Please copy, word for word, the line holding "Un mueble blanco" and each line that follows it through the end of the entries, omitting any pictures.

----- Extracted material

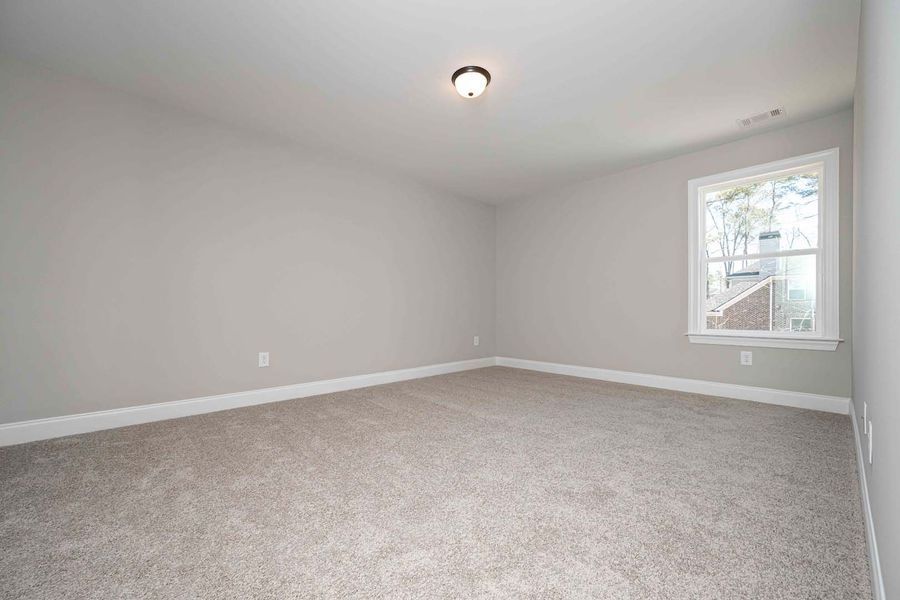 Empty room with gray walls, tan carpet, a window, and a ceiling light.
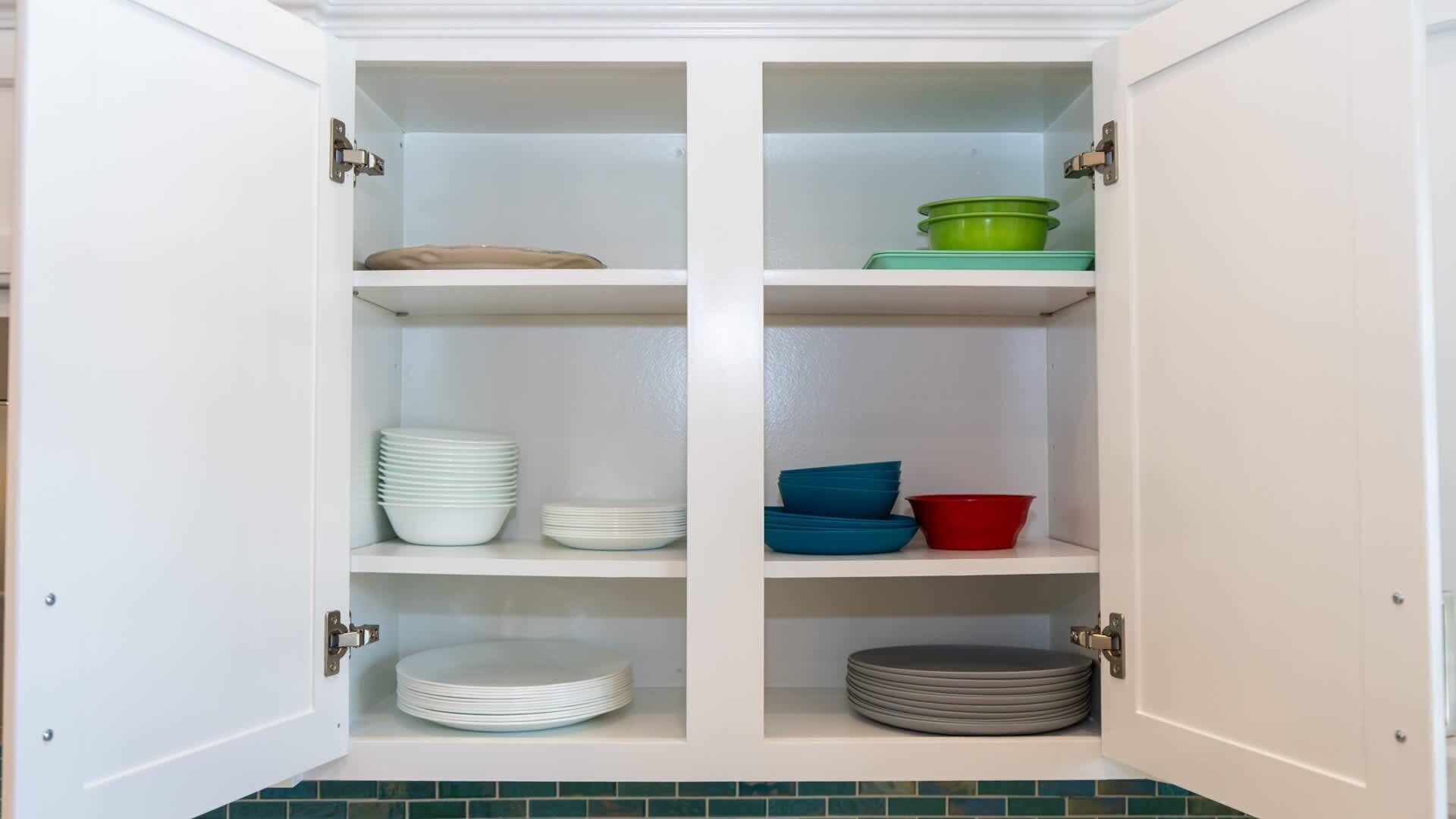 Un mueble blanco con cuatro estantes, cada uno con pilas de platos y tazones de varios colores.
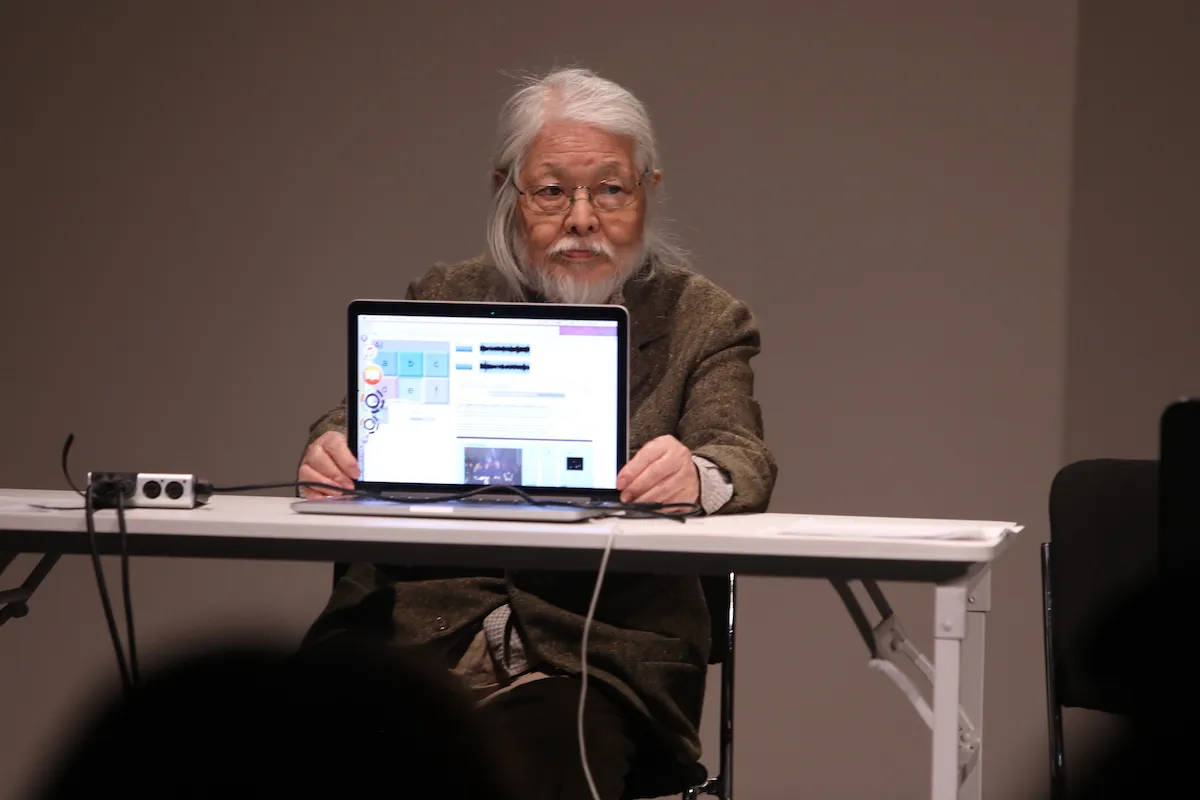 An elderly Asian man holding up a laptop screen to an audience.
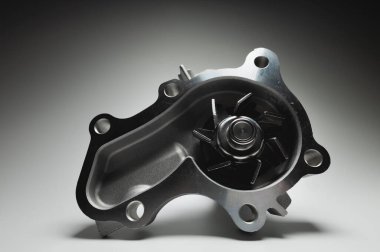 Gri arka planda yeni bir içten yanmalı motorun soğutucu su pompasının yakın çekimi. Karşıtlık ışığı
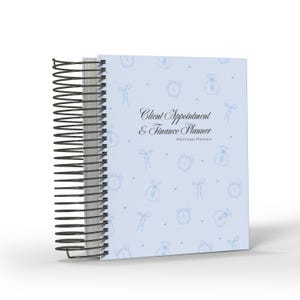 May include: A light blue spiral-bound planner with a black wire coil. The cover features a repeating pattern of small blue line-art icons including alarm clocks, money bags, and bows. The text reads Client Appointment & Finance Planner.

----------

- **Solution for this task**:
 Un mueble blanco con cuatro estantes, cada uno con pilas de platos y tazones de varios colores.
 An elderly Asian man holding up a laptop screen to an audience.
 Gri arka planda yeni bir içten yanmalı motorun soğutucu su pompasının yakın çekimi. Karşıtlık ışığı
 May include: A light blue spiral-bound planner with a black wire coil. The cover features a repeating pattern of small blue line-art icons including alarm clocks, money bags, and bows. The text reads Client Appointment & Finance Planner.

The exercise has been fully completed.